O relógio marcava 22h quando ele fechou o último texto que tinha coragem de enfrentar naquele dia. Deixou-se escorregar na cadeira desconfortável esticando as pernas e jogando a cabeça para trás. Tirou os óculos que usava para trabalhar ao computador e ficou alguns instantes olhando para o teto. O quarto estava imerso em uma meia-luz desoladora. Uma das duas lâmpadas do pequeno lustre tinha queimado no dia anterior e ainda não fora trocada. Ele piscou algumas vezes enquanto tentava afastar de diante dos olhos as palavras que tinha lido. Ao menos no restante daquela noite queria esquecer as coisas importantes, queria deixar-se levar pelo silêncio tranquilo que antecede o sono.
Mas ele não era um rapaz de sorte e depois que as palavras foram embora, depois que o texto ficou tênue no fundo de sua mente, outras coisas importantes foram acendendo suas luzes como uma cidade noturna que desperta para festejar.
O primeiro pensamento que lhe ocorreu estava ligado à uma ideia que tinha tido ao longo daquela semana.

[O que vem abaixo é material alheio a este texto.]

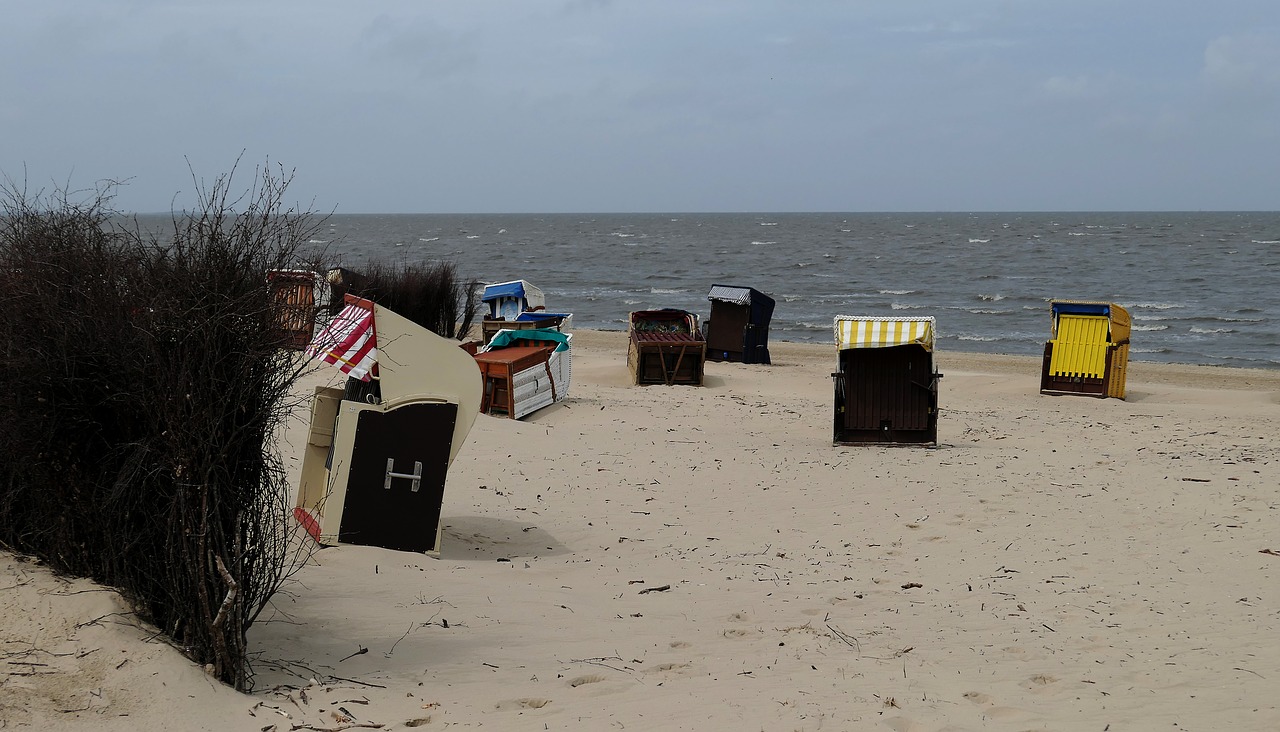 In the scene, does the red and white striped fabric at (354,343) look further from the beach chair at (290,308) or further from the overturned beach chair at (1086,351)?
the overturned beach chair at (1086,351)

Sabia que era um rapaz tranquilo, um tanto tímido, quieto, e quando falava com as pessoas às vezes temia que elas não conseguissem compreendê-lo por sua própria incapacidade de se fazer compreender. Passara a semana toda culpando sua maneira de falar. Baixa, para dentro, ou algo assim. Mas o YouTube dizia que tinha solução para o problema. E lá estava ele, sentado em frente ao computador, ouvindo um cidadão de voz grave e marcante explicando “como falar melhor”. Era um assunto desinteressante. Meu Deus, como era desinteressante. É difícil saber quando se está prestando atenção em uma coisa ou prestando atenção no que seu coração está gritando. Ou mais difícil prestar atenção quando o tal coração está fazendo isso.
Estava?
Chegou a hora de um exercício. “Coloque uma caneta na boca e fale...”, sugeriu o homem no vídeo. A sugestão passou raspando pela mente do rapaz que em meio a seus pensamentos já tinha começado a piscar de sono ou surtar de desespero. Foi um sinal para despertar. Com a mão meio desorientada buscou uma caneta no pote sobre a mesa e meteu-a na boca, apoiada entre os lábios na horizontal como o sábio sugerira.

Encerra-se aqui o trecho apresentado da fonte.